Rizwan Hamid, MD, PhD, Professor of Pediatrics and Director of Division of Medical Genetics at Vanderbilt, also one of the Principle Investigators along with John Phillips and John Newman of the Vanderbilt Undiagnosed Diseases Network talks about the program and the process from application to completion.
Interview conducted by Ivanhoe Broadcast News in March 2018.
We hear a term like undiagnosed diseases and it doesn’t really resonate with a lot of people or they don’t understand. Is this a big issue in this country?
Dr. Hamid: When we think about undiagnosed disease I think we think about three different types of problems. One are diseases which are common diseases and they present in unusual ways. One of the ways we think about for example is a patient who has Lupus, which is a reasonably common one, but the disease presents in such an unusual way that the physician has difficulty diagnosing that patient with Lupus. And that can obviously lead to a long expensive odyssey. The second type of undiagnosed disease is disease which is very rare; which means that these are diseases which by definition are maybe one in two thousand people have something like this. And, they are so rare that our normal physician or internist or a pediatrician or a neurologist may not ever see a patient with that condition. It is never on their radar. The diagnostic odyssey is long and complicated. The third type of undiagnosed diseases are diseases that we don’t know exist. These are diseases which nobody has put a label on. These are a combination of symptoms or presentations whether they happen in a child or they happen in an adult. But, it’s such an unusual combination that they either get mislabeled or not really labeled at all. These patients have another sort of complicated long diagnostic odyssey because even with the best of care at the best medical centers these patients never receive a diagnosis because nobody has labeled that condition, nobody has recognized that combination as a disease. The idea of the undiagnosed disease network is to actually help patients in each of these three categories.

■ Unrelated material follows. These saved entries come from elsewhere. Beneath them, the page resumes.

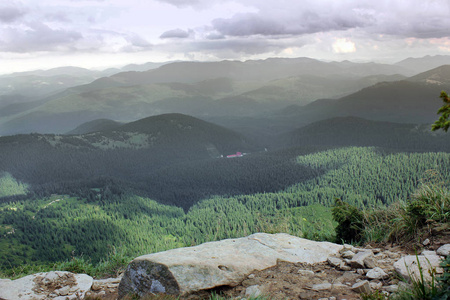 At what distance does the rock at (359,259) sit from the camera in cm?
1110

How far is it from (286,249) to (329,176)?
531ft

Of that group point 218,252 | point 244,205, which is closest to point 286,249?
point 218,252

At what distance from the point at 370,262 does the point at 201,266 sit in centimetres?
584

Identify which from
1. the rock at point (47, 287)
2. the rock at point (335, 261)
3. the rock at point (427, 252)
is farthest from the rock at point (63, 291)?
the rock at point (427, 252)

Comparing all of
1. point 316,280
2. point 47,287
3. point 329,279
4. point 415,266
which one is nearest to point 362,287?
point 329,279

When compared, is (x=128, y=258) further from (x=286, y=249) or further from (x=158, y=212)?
(x=158, y=212)

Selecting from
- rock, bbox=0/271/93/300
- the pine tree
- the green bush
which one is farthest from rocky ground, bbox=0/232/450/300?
the pine tree

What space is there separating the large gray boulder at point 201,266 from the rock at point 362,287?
9.05 ft

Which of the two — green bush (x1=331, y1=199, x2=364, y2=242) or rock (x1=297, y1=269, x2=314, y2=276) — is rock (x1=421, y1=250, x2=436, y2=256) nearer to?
rock (x1=297, y1=269, x2=314, y2=276)

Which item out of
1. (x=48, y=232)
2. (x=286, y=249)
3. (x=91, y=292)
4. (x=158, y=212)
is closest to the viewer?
(x=91, y=292)

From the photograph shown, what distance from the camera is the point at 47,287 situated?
41.1 feet

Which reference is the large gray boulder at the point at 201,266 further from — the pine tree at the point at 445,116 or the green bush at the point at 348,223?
the pine tree at the point at 445,116

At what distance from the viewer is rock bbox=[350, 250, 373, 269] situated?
Answer: 11.1 metres

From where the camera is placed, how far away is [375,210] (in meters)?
16.5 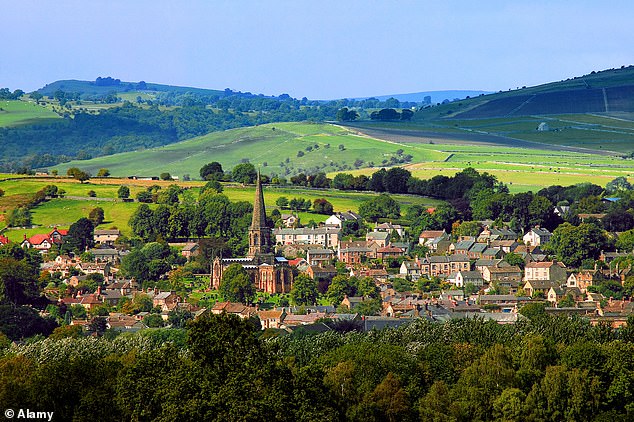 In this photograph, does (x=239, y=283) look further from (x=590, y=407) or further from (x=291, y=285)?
(x=590, y=407)

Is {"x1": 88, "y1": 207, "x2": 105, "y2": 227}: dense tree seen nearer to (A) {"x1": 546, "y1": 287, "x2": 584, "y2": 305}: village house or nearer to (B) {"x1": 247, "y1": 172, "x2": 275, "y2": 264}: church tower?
(B) {"x1": 247, "y1": 172, "x2": 275, "y2": 264}: church tower

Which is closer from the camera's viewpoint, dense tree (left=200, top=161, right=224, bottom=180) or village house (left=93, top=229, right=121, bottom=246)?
village house (left=93, top=229, right=121, bottom=246)

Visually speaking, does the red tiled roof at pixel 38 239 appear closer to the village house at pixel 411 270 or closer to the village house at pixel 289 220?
the village house at pixel 289 220

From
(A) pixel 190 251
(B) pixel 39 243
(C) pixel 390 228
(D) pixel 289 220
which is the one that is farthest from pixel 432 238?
(B) pixel 39 243

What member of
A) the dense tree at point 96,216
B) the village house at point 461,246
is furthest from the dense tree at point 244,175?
the village house at point 461,246

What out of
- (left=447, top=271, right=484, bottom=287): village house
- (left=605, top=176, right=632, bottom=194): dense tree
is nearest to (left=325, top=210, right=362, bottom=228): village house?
(left=447, top=271, right=484, bottom=287): village house

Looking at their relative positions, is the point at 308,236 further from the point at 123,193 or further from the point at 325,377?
the point at 325,377

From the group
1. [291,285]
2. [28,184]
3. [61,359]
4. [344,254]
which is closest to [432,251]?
[344,254] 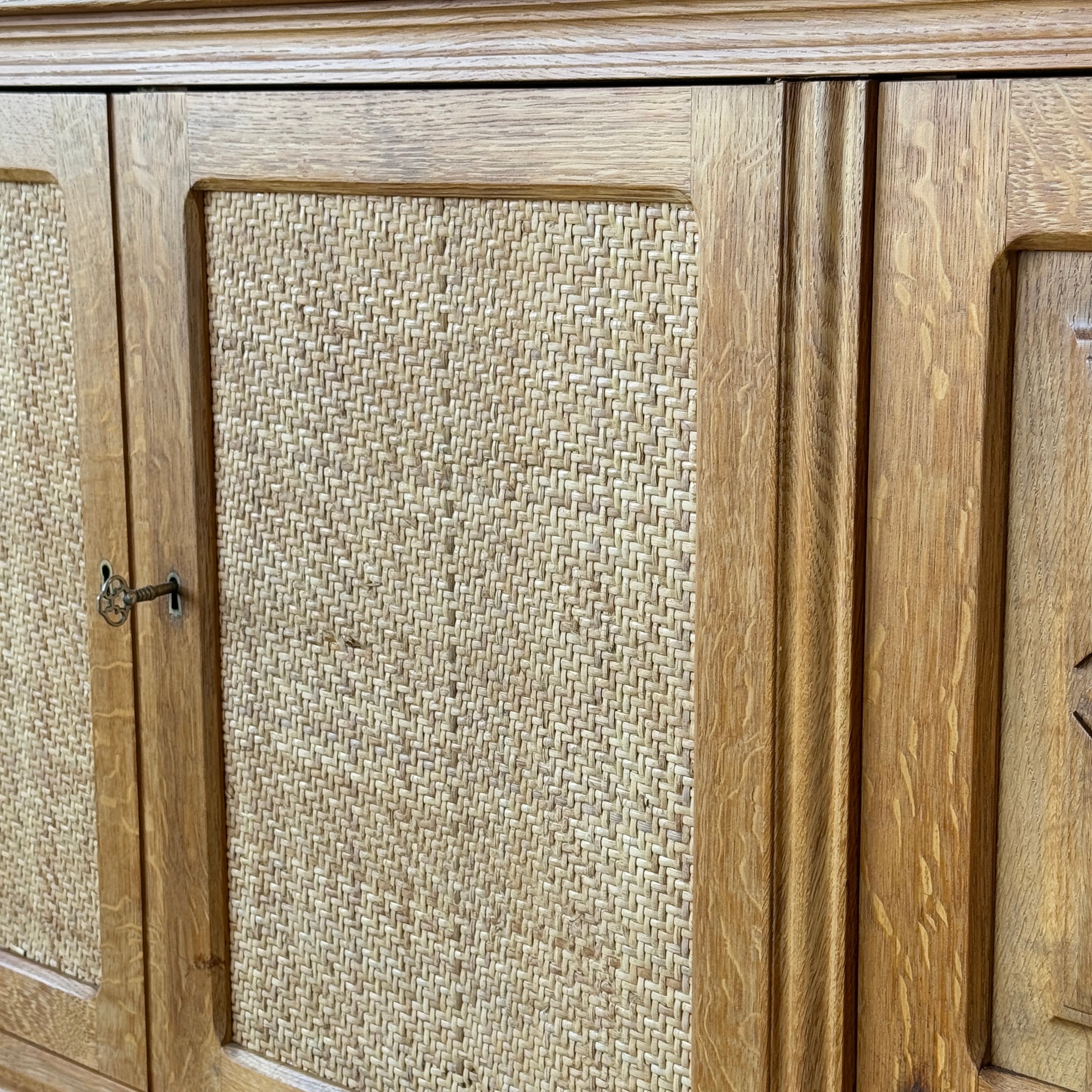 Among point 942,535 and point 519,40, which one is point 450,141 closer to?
point 519,40

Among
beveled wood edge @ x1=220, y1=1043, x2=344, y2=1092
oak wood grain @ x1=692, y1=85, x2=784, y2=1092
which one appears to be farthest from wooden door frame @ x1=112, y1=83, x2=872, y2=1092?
beveled wood edge @ x1=220, y1=1043, x2=344, y2=1092

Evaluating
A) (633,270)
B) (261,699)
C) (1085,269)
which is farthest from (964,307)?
(261,699)

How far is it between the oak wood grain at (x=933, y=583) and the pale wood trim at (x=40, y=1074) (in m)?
0.55

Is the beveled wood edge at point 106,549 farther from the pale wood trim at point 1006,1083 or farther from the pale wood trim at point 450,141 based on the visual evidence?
the pale wood trim at point 1006,1083

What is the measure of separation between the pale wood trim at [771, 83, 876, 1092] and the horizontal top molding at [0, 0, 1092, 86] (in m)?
0.03

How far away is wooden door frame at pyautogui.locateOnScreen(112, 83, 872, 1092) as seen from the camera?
2.29 ft

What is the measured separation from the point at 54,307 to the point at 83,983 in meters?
0.45

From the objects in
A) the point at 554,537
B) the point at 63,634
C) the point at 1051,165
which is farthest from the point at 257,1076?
the point at 1051,165

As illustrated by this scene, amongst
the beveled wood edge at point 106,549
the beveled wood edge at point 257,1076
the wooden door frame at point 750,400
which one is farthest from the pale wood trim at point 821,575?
the beveled wood edge at point 106,549

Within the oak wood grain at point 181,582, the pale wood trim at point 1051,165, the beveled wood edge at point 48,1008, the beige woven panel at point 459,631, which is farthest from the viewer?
the beveled wood edge at point 48,1008

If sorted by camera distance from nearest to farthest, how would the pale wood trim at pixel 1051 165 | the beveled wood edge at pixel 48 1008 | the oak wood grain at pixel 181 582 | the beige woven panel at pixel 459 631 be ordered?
1. the pale wood trim at pixel 1051 165
2. the beige woven panel at pixel 459 631
3. the oak wood grain at pixel 181 582
4. the beveled wood edge at pixel 48 1008

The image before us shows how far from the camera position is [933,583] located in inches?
27.6

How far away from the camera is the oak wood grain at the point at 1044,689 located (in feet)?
2.17

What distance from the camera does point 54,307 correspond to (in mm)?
979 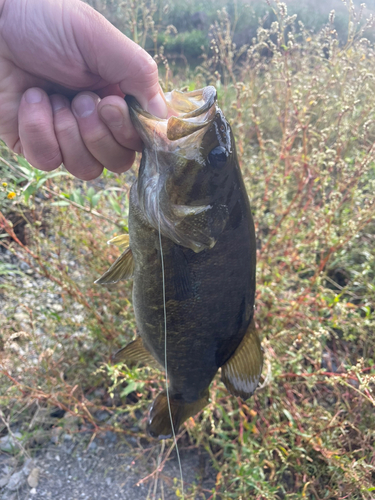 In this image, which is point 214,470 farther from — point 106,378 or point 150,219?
point 150,219

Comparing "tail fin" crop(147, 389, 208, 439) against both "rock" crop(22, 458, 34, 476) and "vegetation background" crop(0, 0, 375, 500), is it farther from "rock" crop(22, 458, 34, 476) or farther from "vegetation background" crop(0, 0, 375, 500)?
"rock" crop(22, 458, 34, 476)

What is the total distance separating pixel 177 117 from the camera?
47.8 inches

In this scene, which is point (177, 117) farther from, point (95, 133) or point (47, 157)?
point (47, 157)

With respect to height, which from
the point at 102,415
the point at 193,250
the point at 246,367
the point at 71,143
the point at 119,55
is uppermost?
the point at 119,55

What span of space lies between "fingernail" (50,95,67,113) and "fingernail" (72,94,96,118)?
0.06 m

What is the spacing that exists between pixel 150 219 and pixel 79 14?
87cm

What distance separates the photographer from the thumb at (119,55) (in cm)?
138

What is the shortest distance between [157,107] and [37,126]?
51 centimetres

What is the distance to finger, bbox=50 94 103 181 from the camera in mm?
1498

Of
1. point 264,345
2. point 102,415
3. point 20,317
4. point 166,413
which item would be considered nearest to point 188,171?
point 166,413

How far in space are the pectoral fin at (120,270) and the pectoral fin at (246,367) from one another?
60 cm

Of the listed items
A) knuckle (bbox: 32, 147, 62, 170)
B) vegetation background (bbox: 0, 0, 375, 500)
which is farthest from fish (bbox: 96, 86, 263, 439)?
vegetation background (bbox: 0, 0, 375, 500)

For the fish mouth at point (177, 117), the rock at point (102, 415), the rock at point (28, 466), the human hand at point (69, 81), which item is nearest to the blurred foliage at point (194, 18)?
the human hand at point (69, 81)

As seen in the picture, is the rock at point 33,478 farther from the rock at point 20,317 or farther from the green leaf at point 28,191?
the green leaf at point 28,191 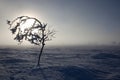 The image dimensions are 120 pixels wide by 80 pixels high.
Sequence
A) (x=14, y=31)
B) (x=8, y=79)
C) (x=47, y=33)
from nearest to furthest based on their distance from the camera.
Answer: (x=8, y=79)
(x=14, y=31)
(x=47, y=33)

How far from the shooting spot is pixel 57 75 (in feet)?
91.0

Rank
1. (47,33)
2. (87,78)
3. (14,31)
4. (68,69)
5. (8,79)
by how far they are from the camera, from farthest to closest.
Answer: (47,33), (14,31), (68,69), (87,78), (8,79)

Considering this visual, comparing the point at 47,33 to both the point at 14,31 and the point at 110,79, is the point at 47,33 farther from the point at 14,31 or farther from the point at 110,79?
the point at 110,79

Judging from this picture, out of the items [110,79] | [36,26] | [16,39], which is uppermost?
[36,26]

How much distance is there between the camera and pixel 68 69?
31.0 meters

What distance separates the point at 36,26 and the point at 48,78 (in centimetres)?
1255

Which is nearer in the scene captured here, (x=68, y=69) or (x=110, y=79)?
(x=110, y=79)

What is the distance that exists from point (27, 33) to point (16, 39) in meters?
2.25

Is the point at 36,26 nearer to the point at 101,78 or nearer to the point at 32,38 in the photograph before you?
the point at 32,38

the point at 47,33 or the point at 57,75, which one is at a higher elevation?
the point at 47,33

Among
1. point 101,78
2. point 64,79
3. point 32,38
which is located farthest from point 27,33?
point 101,78

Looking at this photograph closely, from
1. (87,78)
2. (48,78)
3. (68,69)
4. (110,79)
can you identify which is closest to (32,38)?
(68,69)

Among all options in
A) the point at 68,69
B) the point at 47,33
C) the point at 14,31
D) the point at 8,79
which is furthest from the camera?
the point at 47,33

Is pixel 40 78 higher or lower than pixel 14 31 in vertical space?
lower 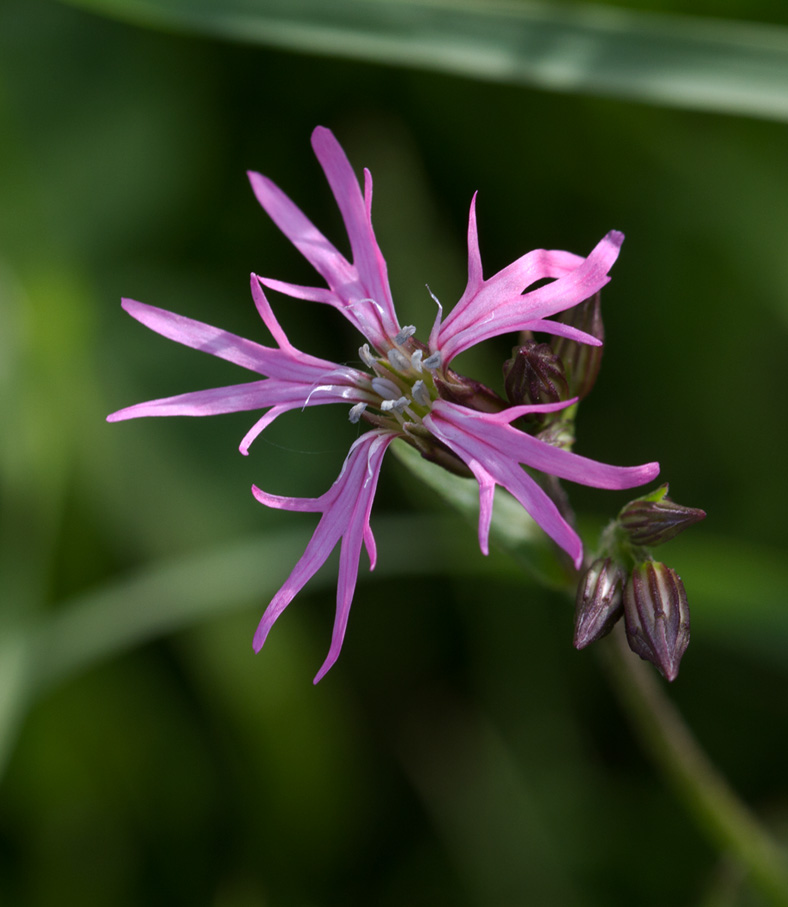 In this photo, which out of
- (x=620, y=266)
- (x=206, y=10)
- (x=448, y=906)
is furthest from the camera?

Explain for us what is the Undiagnosed Diseases Network, how does that work? Because as you mentioned before there’s a center for that and then there are other sites around the country correct?
Dr. Hamid: Yes. The Undiagnosed Diseases Network actually grew out of the Undiagnosed Diseases Program which is at the National Institutes of Health under the direction of Dr. Bill Gahl. This program at UDP as we call it or Undiagnosed Disease Program was started about now eight to ten years ago. And the purpose was the same: help patients with these three categories that I just described. What they found was that the program was very successful. But the demand was such that the site (or the center) at NIH could not handle it. Plus it was very inconvenient given how big the United States is for people for example from the west coast to go to NIH to get there. So the idea then came around that maybe the experiences that UDP and the protocols that the UDP developed can be further implemented at several centers across United States. You increase the type of patients you see, and you increase access. That was one of the major objectives. About two and a half years ago the network was expanded in to seven clinical sites. One in Stanford University, California, one in UCLA in California, at Baylor College of Medicine in Houston, Vanderbilt, Duke University in North Carolina and Harvard Medical School. So now the centers kind of range in the United States and now not only that we can see more patients but we can see bigger diversity and patients have better access.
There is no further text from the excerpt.